This weekend we've got our five kids plus two nephews. That's six boys under age nine in a 1400 square foot house, in case you were wondering. Thankfully we've got an amazing five acres of woods, and I sent them all outside early. They'll hopefully stay out until lunch. The din of their chatter and the click, click, clicking of their toy guns might send me over the edge. I had to iron some things out within myself when they were too excited to finish their dinners, too excited to fall asleep, and too excited to stay quiet until the mandatory 7 am wake up call this morning.
As I made whole wheat cinnamon rolls for the kids and a gallon of coffee for myself this morning, I felt a little guilty serving a sugary breakfast to them and even worse that I planned on eating some of the homemade treat, myself.
Then it all came together.
Spirited children are good, whole wheat is good, children learning to control a weapon and control themselves is good. They've slept, eaten, and now they'll spend their day in the great outdoors. Its all very good.
I struggle with relinquishing control of my kids. I want for them what I think is best. Its best that children don't make a nuisance of themselves, that they eat healthy foods, learn to finish what food they've been given, sleep when I say to sleep and rise when I say to rise. But what I've come to realize is that I can't always force a child to be what I think they should be. I've got to learn to acknowledge the good and encourage my children to want what is best. I say, "I won't force you to sleep or to pray, but what I will do is train you to lay quietly without talking when it comes time to sleep, and kneel when your family kneels. So I train for good habits of obedience, and pray they will grow to want what is best instead of settling for what is not bad.
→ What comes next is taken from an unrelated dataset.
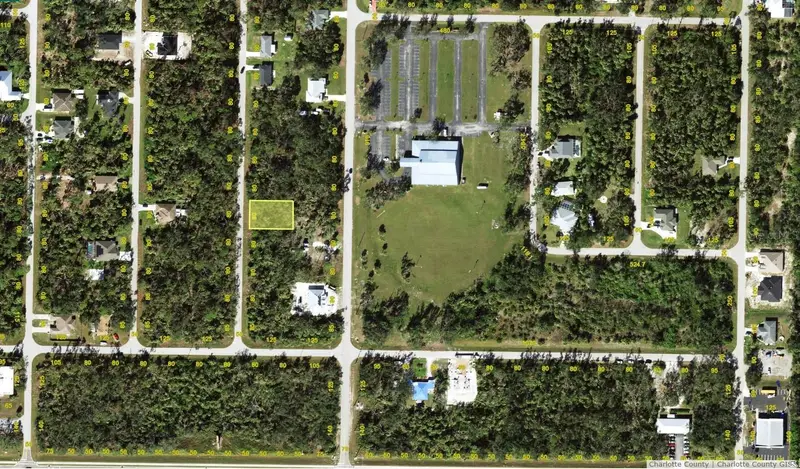 426 Lemoyne St, FL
Training my own mind and the habits that flow out of it has become quite a theme in my life. Almost every time I am having an issue with another person, I look in the mirror and find that its actually myself that needs adjusted.
My diet isn't going to be perfectly healthy. Sometimes there actually isn't time to work out. I used to run myself ragged thinking that ideally the house would be tidy most of the time, and some of the time it wouldn't be. What is actually good is that, with kids, the house is messy most of the time and their are lovely moments of cleanliness.
So I keep my eyes on what I believe perfection is for myself and my home. And I plan and create an order that is always seeking for what is best. But for the sake of peace, joy, harmony, reason, and growth I've got to make friends with what is not bad. A home that loves the good yet works for what is best is an ideal atmosphere for everyone. Its a balance that we must strike within our private persons and in the office of motherhood.